Mary Elizabeth "Liz" Truss[2] PC MP (born 26 July 1975) is a British Conservative Party politician who was appointed Secretary of State for Justice and Lord Chancellor in 2016. She is the first female Lord Chancellor in the thousand-year history of the role. She has been the Member of Parliament (MP) for South West Norfolk since 2010.

After graduating from the University of Oxford in 1996, Truss worked in sales, as an economist, and was deputy director at the think-tank Reform, before becoming a member of parliament at the 2010 general election.
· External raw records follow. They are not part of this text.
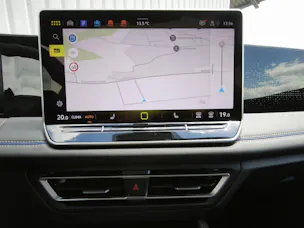 VW Tiguan 2.0 TSI R-Line DSG 4motion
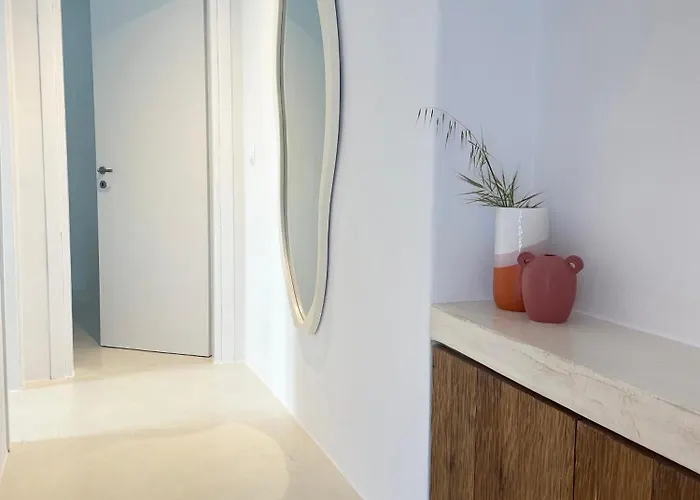 Apartamento Residences *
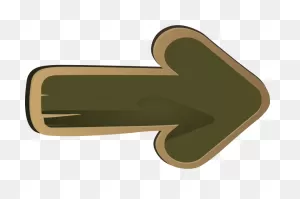 Arrow Signs Clipart - Arrow Sign Clipart - Png Download - Full ClipartFlare.com 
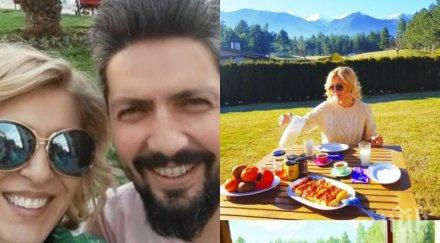 пик ретро гала разори мъжа стефан купил тузарски апартамент 200 бона банско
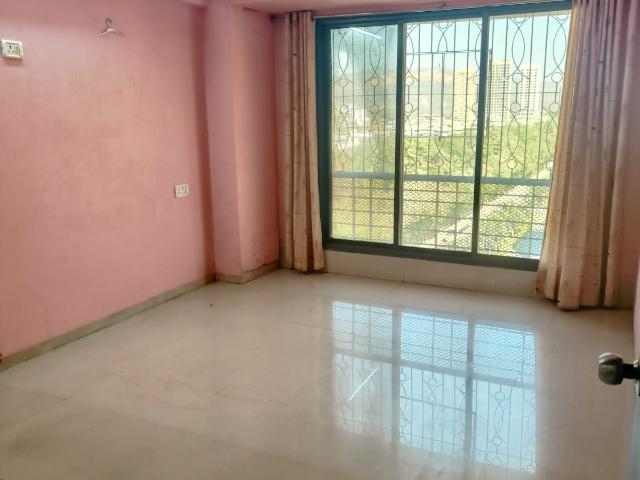 Rental | 2 BHK 1155 Sq.Ft. Apartment in Krishna Heights Ghansoli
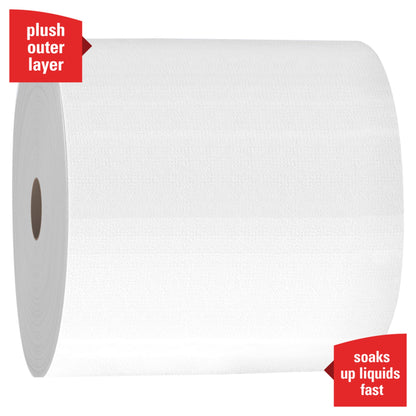 WypAll® L40 Towels, Jumbo Roll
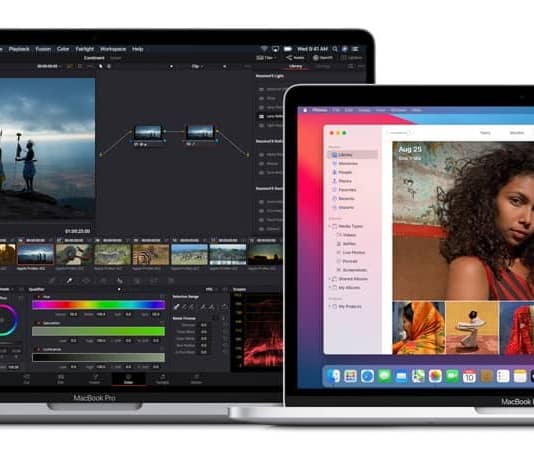 Why MacBooks Are a Recommended Choice Over Other Branded Laptops? Thedevline 1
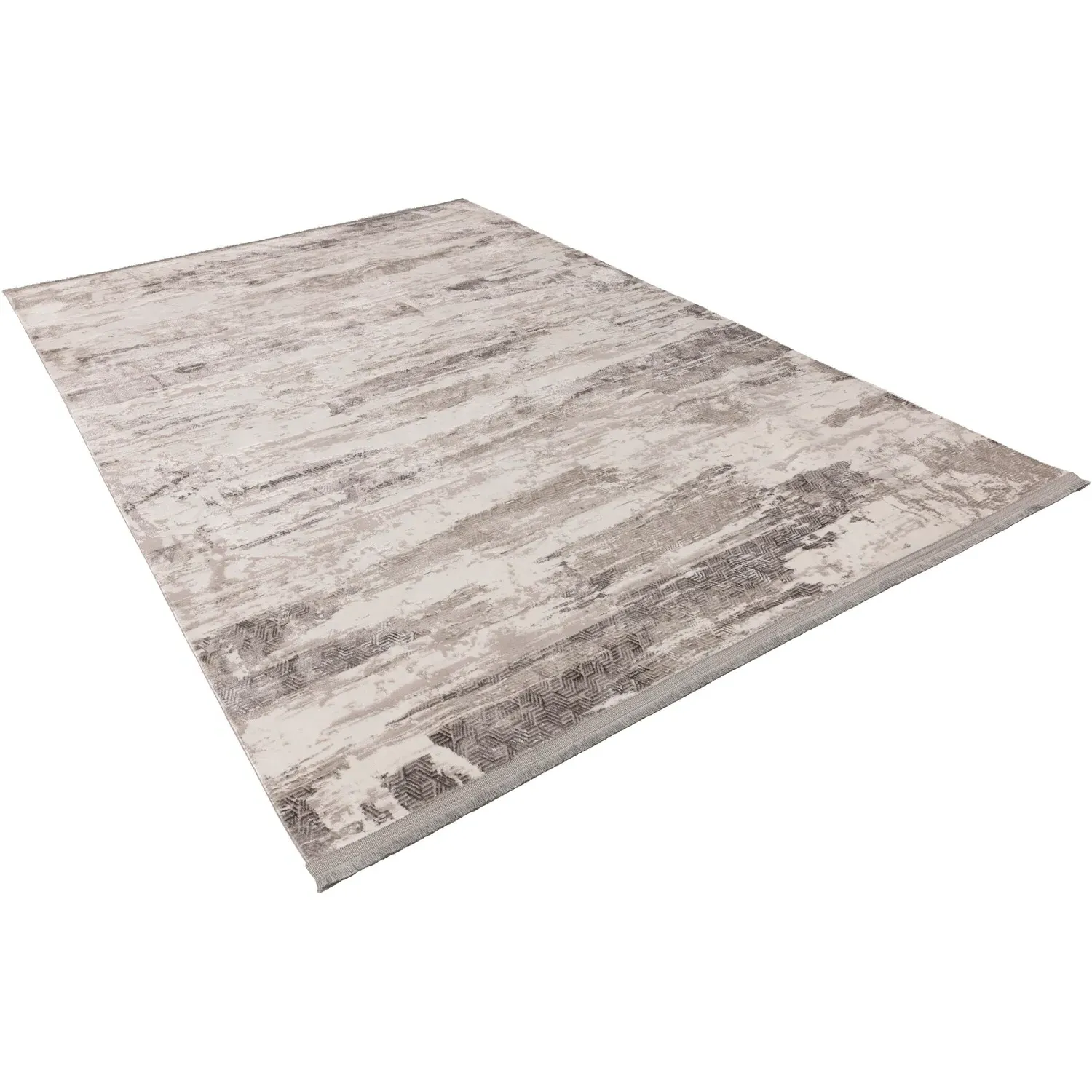 Capri Rug - Grey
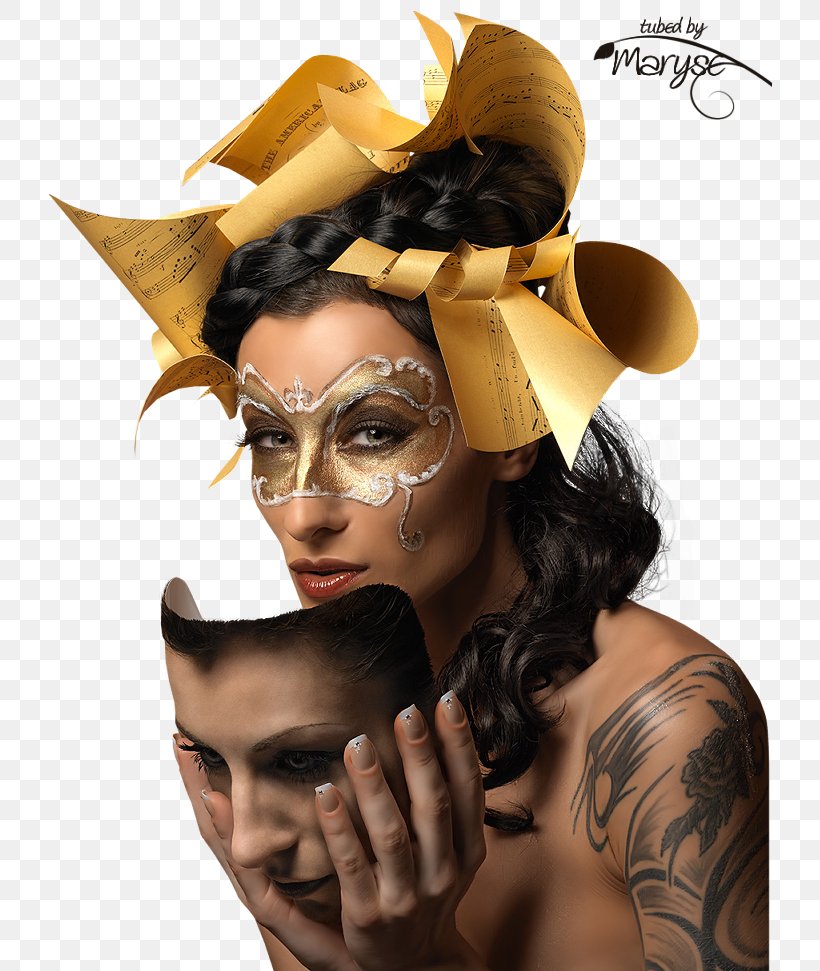 The Mask Harlequin Portrait Carnival, PNG, 752x971px, Mask, Blog, Carnival, Harlequin, Headgear Download Free
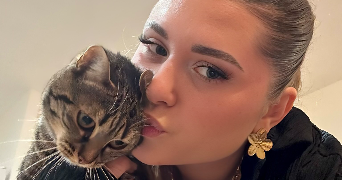 camille pet sitter à Brandérion 56700_0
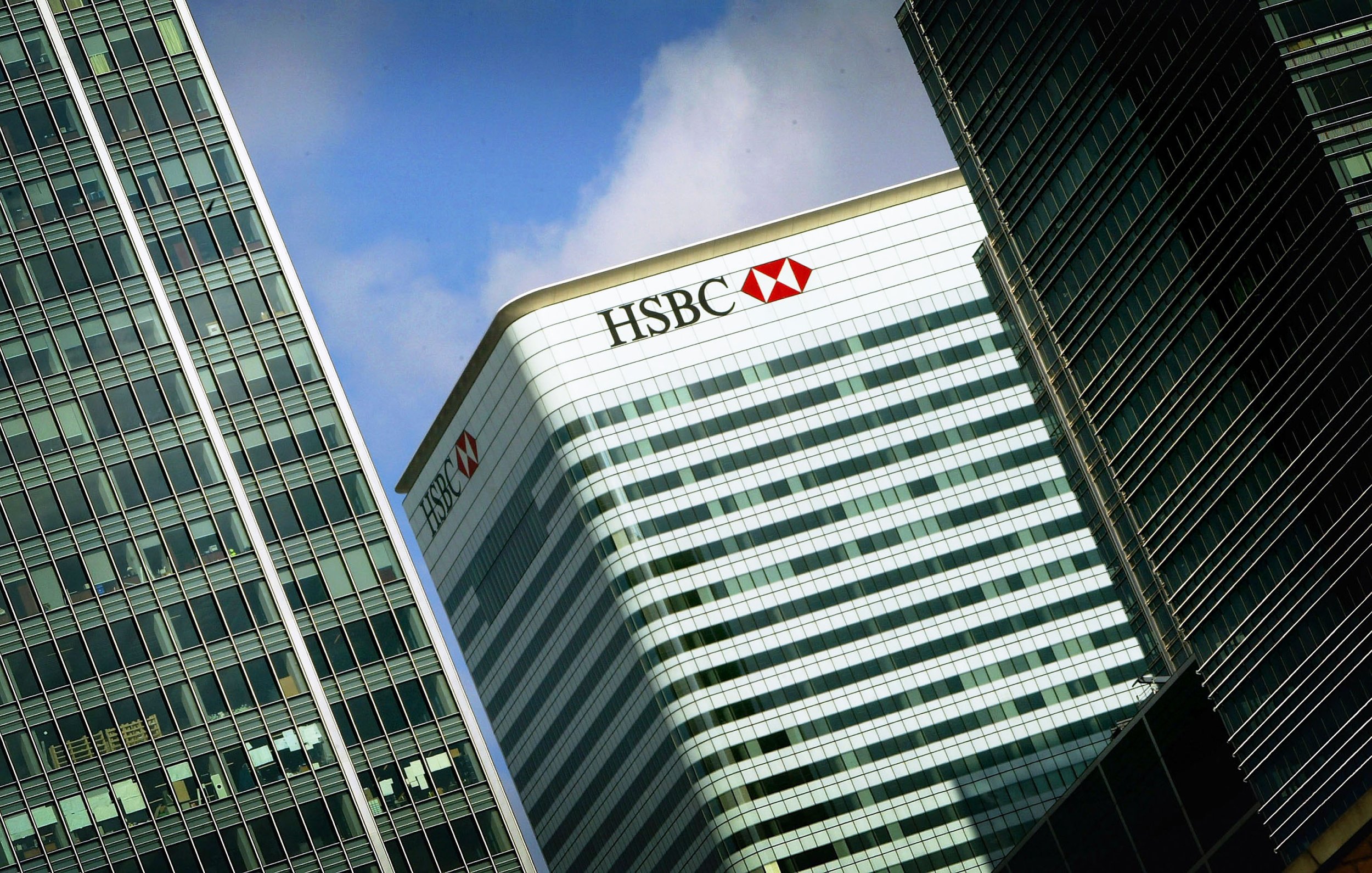 HSBC Layoffs 2019 10,000 Lose Jobs In CostCutting Effort IBTimes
As a backbencher, she called for reform in a number of policy areas, including childcare, maths education, and the economy.[3] She founded the Free Enterprise Group of Conservative MPs, and authored or co-authored a number of papers and books, including After the Coalition (2011) and Britannia Unchained (2012).

Truss was the Parliamentary Under-Secretary of State from 2012 to 2014, with responsibility for education and childcare in the Department for Education.[4] She was the Secretary of State for the Environment, Food and Rural Affairs from 2014 to 2016. On 14 July 2016, she was appointed Secretary of State for Justice and Lord Chancellor by Theresa May, succeeding Michael Gove.[5][6]

Early and personal life

Truss was born in Oxford, England. She was raised in a northern, left-wing household; her father, John Truss, is a professor of pure mathematics at the University of Leeds; her mother was a nurse, teacher, and member of the CND.[7] Truss has described both as being "to the left of Labour".[3] When Truss later ran for election to Parliament, her mother agreed to campaign for her and her father declined to do so.[3][8]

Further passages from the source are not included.